GIVEN DATA —
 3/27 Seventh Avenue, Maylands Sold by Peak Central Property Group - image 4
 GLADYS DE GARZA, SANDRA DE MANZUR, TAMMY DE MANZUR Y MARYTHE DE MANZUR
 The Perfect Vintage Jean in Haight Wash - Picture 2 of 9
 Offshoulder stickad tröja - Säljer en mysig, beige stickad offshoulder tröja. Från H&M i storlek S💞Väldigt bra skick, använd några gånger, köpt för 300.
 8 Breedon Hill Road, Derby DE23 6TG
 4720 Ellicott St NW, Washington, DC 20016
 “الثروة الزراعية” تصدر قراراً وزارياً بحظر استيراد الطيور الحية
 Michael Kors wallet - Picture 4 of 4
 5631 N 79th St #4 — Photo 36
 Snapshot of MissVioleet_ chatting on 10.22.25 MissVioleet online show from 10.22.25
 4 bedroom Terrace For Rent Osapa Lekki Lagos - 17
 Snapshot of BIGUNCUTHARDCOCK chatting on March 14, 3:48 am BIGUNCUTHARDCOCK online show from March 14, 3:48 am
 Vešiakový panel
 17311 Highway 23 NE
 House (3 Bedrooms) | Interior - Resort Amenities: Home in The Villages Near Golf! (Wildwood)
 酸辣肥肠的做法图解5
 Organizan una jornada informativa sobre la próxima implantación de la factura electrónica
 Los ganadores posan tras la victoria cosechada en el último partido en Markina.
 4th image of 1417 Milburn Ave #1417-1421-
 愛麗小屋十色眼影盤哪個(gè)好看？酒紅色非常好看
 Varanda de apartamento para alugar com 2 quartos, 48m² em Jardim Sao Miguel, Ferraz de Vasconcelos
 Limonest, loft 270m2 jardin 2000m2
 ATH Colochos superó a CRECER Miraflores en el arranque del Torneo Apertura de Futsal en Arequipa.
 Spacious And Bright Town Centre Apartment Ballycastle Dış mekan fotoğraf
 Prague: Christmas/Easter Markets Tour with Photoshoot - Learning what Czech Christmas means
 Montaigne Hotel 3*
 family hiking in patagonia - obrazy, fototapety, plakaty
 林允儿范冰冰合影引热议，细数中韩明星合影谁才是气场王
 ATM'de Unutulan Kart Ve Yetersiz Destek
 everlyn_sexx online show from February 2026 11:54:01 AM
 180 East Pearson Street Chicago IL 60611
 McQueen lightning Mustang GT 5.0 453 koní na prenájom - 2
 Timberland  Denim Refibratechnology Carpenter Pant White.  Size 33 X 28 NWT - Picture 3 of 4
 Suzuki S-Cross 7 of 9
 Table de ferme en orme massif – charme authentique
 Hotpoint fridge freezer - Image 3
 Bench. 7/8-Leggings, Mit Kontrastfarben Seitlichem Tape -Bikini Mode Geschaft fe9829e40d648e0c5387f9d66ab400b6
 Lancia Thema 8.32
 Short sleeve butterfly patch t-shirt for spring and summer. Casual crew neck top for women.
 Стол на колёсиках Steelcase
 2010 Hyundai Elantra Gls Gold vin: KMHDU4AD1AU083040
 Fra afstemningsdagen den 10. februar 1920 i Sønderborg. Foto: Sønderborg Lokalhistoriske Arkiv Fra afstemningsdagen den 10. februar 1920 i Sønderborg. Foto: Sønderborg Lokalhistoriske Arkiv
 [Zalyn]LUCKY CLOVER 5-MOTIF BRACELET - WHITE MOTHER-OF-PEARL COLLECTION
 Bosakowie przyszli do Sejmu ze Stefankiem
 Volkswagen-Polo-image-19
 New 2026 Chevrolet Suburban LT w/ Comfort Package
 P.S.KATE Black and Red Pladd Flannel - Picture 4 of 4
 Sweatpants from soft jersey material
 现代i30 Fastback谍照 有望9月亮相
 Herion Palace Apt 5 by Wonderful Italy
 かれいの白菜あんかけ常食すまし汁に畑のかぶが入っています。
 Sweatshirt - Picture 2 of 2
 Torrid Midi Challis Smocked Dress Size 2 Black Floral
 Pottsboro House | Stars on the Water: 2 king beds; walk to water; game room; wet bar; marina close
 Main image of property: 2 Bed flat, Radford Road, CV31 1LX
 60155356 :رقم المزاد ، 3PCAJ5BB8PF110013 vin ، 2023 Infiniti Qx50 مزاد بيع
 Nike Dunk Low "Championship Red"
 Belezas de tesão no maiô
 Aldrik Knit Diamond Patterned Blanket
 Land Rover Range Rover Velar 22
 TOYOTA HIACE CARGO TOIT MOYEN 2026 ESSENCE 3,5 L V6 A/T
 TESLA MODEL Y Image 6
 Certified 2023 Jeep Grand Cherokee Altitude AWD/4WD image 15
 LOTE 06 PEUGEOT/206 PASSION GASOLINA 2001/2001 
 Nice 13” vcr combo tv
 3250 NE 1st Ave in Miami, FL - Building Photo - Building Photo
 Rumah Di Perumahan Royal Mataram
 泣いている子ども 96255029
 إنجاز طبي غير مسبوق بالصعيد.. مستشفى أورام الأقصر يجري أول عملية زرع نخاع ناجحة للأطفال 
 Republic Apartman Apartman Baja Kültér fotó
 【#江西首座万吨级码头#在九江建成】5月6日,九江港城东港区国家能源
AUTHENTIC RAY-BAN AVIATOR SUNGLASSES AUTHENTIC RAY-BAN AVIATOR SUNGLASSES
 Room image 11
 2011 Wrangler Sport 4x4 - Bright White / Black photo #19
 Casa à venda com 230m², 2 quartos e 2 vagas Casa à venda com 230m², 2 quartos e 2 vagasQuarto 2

WORK REQUEST — The required answer is the exact run of lines above starting at the line with "Torrid Midi Challis" and ending at the line with "Land Rover Range Rover Velar 22", with both ends present.

RESULT BELOW —
 Torrid Midi Challis Smocked Dress Size 2 Black Floral
 Pottsboro House | Stars on the Water: 2 king beds; walk to water; game room; wet bar; marina close
 Main image of property: 2 Bed flat, Radford Road, CV31 1LX
 60155356 :رقم المزاد ، 3PCAJ5BB8PF110013 vin ، 2023 Infiniti Qx50 مزاد بيع
 Nike Dunk Low "Championship Red"
 Belezas de tesão no maiô
 Aldrik Knit Diamond Patterned Blanket
 Land Rover Range Rover Velar 22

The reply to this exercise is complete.